It’s a rainy, gray Tuesday morning. I’m downtown observing a weekly meeting at a marketing agency where I’m coaching their leadership team.
“So do you think you can get me the logo design for the client by the end of the week?” asks Emma. As the account manager in charge of the project, she’s feeling anxious to finish the meeting and get on with her tasks for the day.
Sara, the graphic designer, averts Emma’s eyes, unsure of what to say.
“Sure,” she mumbles, half-heartedly. “But what’s the point if you’re just going to redo it anyway?”
This is a good example of what can happen when trust breaks down on a team. Emma is well-intentioned, but doesn’t trust Sara to create a logo that’s up to the client’s standards, so she usually changes the logos Sara designs. Sara feels like Emma doesn’t trust her and thinks her contribution doesn’t matter, but she doesn’t feel comfortable enough to tell her.
A team dynamic like this can persist for some time, but eventually relationships break down in the absence of trust. This is the first dysfunction of a team identified by Patrick Lencioni in his book “The Five Dysfunctions of a Team.”
The Emotional Bank Account
When we coach teams, we often explore the concept of an emotional bank account to explain why trust matters so much to maintaining healthy dynamics in their team.
The term “emotional bank account” was first coined (pun intended!) by Stephen Covey in “The 7 Habits of Highly Effective People” as a metaphor for investments made in relationships that build the amount of trust over time, similar to how deposits build your financial bank account over time. It can be applied to all types of relationships, but for the purposes of this article we’ll be applying it to the workplace.

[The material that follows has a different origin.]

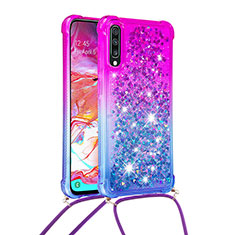 Coque Silicone Housse Etui Gel Bling-Bling avec Laniere Strap S01 pour Samsung Galaxy A70 Violet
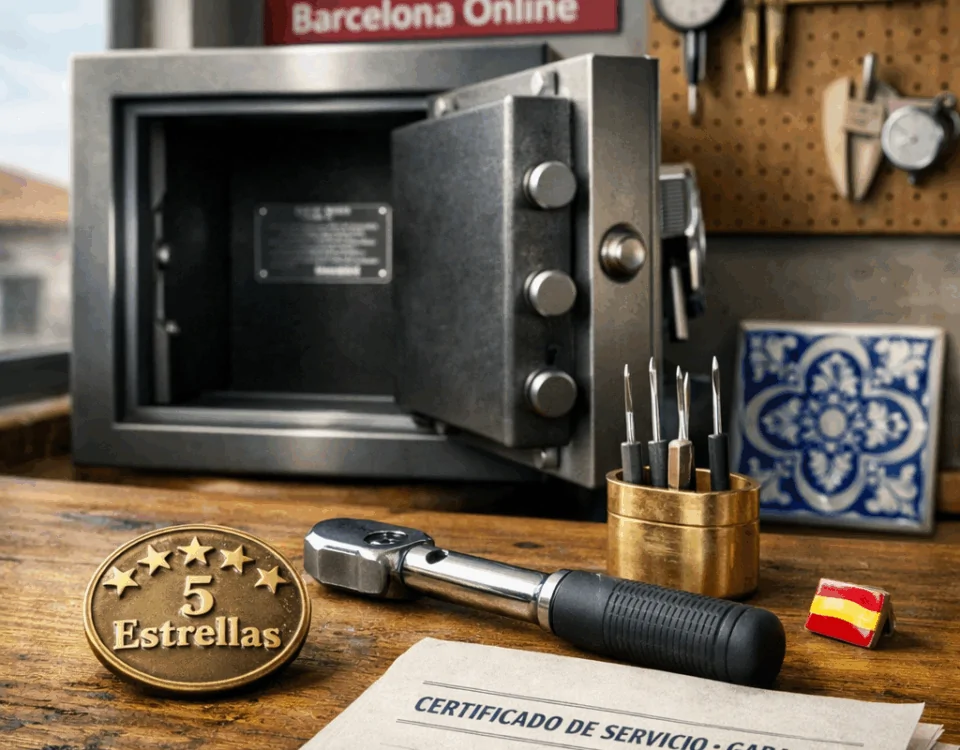 Banco de un cerrajero iluminado con una caja fuerte abierta y herramientas, ideal para comparar servicios de reparación de cajas fuertes en España, cuáles son los mejor valorados.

Every relationship has a “balance.” You can have a positive balance, which means you’ve built up a lot of trust and the relationship feels solid. You can have a neutral balance, which either means the relationship is new, or that you neither trust nor distrust each other. Or you can be in the red, which means breaches of trust have happened, and there’s probably tension between you.
To be clear, this isn’t about coming up with an arbitrary number. To return to our earlier example, Emma couldn’t say to Sara: “You have a balance of -$752.92!” The emotional bank account is more useful on a conceptual level as a way of illustrating the amount of trust in a relationship from moment to moment.
Deposits and Withdrawals
Taking the metaphor one step further, we can choose to either deposit or withdraw from our emotional bank accounts at any given time. Deposits might include things like saying thank you for a job well done, taking responsibility for mistakes, or finishing projects on time. Conversely, actions like missing deadlines, interrupting, or multitasking while speaking are all examples of withdrawals.
Deposits and withdrawals can vary significantly in magnitude. For example, finishing a huge project to a high standard will likely count for more than one brief “thank you” at the end of a meeting. Sometimes people perceive different deposits and withdrawals in different ways as well. For example, I value punctuality and collaboration particularly highly, so those traits go further in building trust with me than they may with other people.
If deposits build your emotional bank balance and withdrawals take from it, you might think it’s advisable to engage in as many deposit actions as possible. This is true because you’ll build trust over time. However, if you’re human, you’ll inevitably make a few withdrawals in the relationship – when you say the wrong thing to a colleague or miss a client deadline. But when you’ve already worked to build the bank account, that withdrawal doesn’t put you in the red or have as much of an impact as when you’re at a negative balance. (Think about who you cut a little more slack when they mess up. Chances are it’s the person you have a higher trust with.)
Would you like to build your emotional bank account? It’s not something you can do overnight, but it is possible over time with deliberate practice. You can start today with the following core workout.
- Pause: Reflect on an important relationship.
- Think: Consider what the current balance is in the emotional bank account. What type of depsit could be made?
- Act: Take an action that increases the trust and builds the emotional bank account!
And remember: trust begets trust. So the more you deposit into your emotional bank accounts, the more likely it is that your colleagues will do the same. Maybe consider it compound interest!